NOM does not want the Boy Scouts of America to allow gay scoutmasters. What this has to do with promoting a healthy marriage culture, I can’t say. But NOM prez Brian Brown is emphatic:

…the Scouts are considering a proposal to abandon their longstanding national policy, and instead leaving the decision of allowing homosexual scout leaders to each individual council.

As we know from the marriage battle, capitulation is not a strategy for preserving our cherished values. When homosexual activists demanded “rights” and “benefits” many well-meaning policymakers responded with “civil unions” and “domestic partnerships,” believing that this “compromise” would preserve marriage while providing tangible benefits for same-sex couples. Though many in the gay community lobbied for these changes, once enacted they quickly adopted a strategy of condemning them as “second class” and used them to successfully file lawsuits redefining marriage.

Even though their supporters have relentlessly pressured the Boy Scouts to admit openly homosexual men as scoutmasters with the responsibility of mentoring America’s youth, the Human Rights Campaign (HRC) now says the “compromise” the Boy Scouts are considering does not go nearly far enough.
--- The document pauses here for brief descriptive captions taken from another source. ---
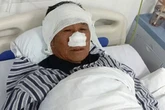 Man who had nose bitten off while saving woman from 'strangler' says 'I would do it again'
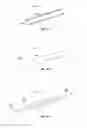 Fig. 07 - Methods and apparatus for treating vertebral fractures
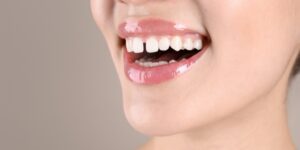 Close-up of a smiling woman showing gaps between her front teeth – 92 Dentistry, Portland, OR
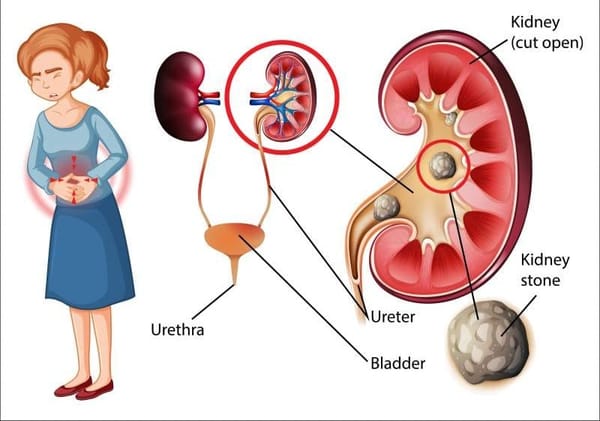 kidney stones topic in hindi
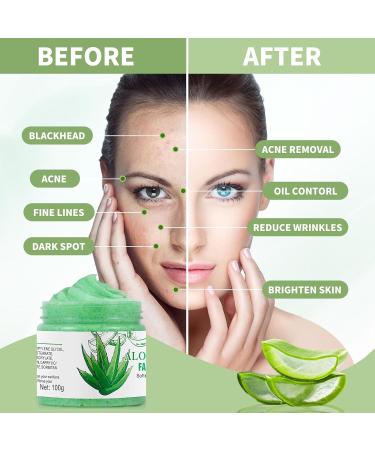 Brightening Aloe Vera Facial Scrub - Exfoliating Face Wash for Blackheads & Dark Spots | Deep Cleansing Exfoliator - Buy Online on GoSupps.com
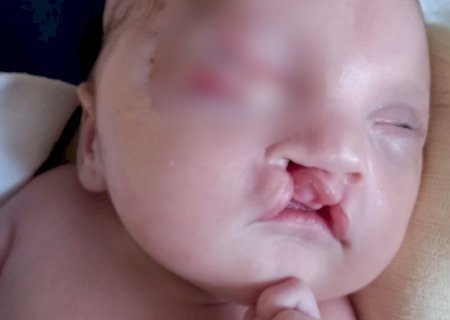 Com risco de ficar cego, família de Apolo faz apelo para custear viagem para cirurgias em SP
They will settle for nothing short of capitulation – homosexuality-affirming troops in every locale across America, tolerating no exceptions, period. Any parent or young man who holds a traditional Judeo-Christian view of sexual morality will be attacked as bigoted and accused of discriminatory conduct. You can imagine the lawsuits that will follow.

The BSA Board of Directors will be voting very soon on this new policy proposal — perhaps as early as Monday — and they are seeking public input into their decision. We need to make it clear that compromising honorable values is no path to organizational victory.

Actually, I can’t imagine the lawsuits that will follow. Despite NOM’s victim project, it’s never shown us a lawsuit in the U.S. based simply on someone holding a traditional Judeo-Christian view of sexual morality. This is their great fundraising fiction. Perhaps that explains why they have such money problems.

Let’s be clear on why Brian’s all a-flutter.

The Boy Scouts are not being required by law to stop discriminating.

They are not instituting a national non-discrimination policy.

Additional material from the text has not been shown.